Once they are completely cooled, you can fill them with your favorite kind of egg shaped candy. I used Mini Cadbury Chocolate Eggs. I love these little eggs. The chocolate is the creamiest. And I’m a creamy milk chocolate kind of girl. None of that healthy dark chocolate for me, thanks! I probably just lost a few of you there, didn’t I?
And yes, you do need to sort the eggs by color when placing them in their respective nests. Have you ever seen a momma bird lay different colored eggs in one nest? Let’s keep it real, okay?
Not only are these a really sweet little dessert, but they make adorable edible place cards for your Easter table setting. Especially for a kid’s table. Just print of the names of all your guests, cut them out, and tape them to a toothpick. Simple but sweet!
- 2 1/2 cups all purpose flour
- 1 teaspoon baking powder
- 1 teaspoon baking soda
- 1/4 teaspoon salt
- 1/2 cup butter softened
- 1/2 cup vegetable oil
- 1 1/2 cup sugar
- 1 egg
- 1 teaspoon vanilla extract
- 1/4 teaspoon almond extract
- 1 1/2 cups sweetened shredded coconut
- 72 egg shaped candies (I used 2 bags of mini Cadbury chocolate eggs)

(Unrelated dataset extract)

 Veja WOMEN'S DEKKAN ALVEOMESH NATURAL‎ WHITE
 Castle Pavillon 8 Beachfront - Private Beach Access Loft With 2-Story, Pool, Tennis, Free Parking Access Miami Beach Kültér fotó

- Preheat oven to 350 degrees.
- In a medium bowl, combine flour, baking soda, baking powder, and salt and mix them together and set aside.
- In the bowl of an electric mixer, cream together butter, sugar and oil on medium speed. Add the egg, vanilla extract, and almond extract.
- Gradually add the flour mixture to the wet ingredients, and mix on low speed until a dough is formed.
- Divide the dough into 24 standard sized greased muffin tin cups. Press the dough evenly into the bottom of each muffin tin well, and top with 1 tablespoon of coconut. Spread the coconut to the edges. It will shrink a bit as it bakes.
- Bake the cookie nests for 11-13 minutes. The coconut should be starting to brown.
- Allow the cookie nests to cool almost completely (about 10 minutes) before removing to a cooling rack. I think it helps to give the cookie nests a little "twist" to loosen them before removing.
- When they are completely cooled, place three egg candies in each one.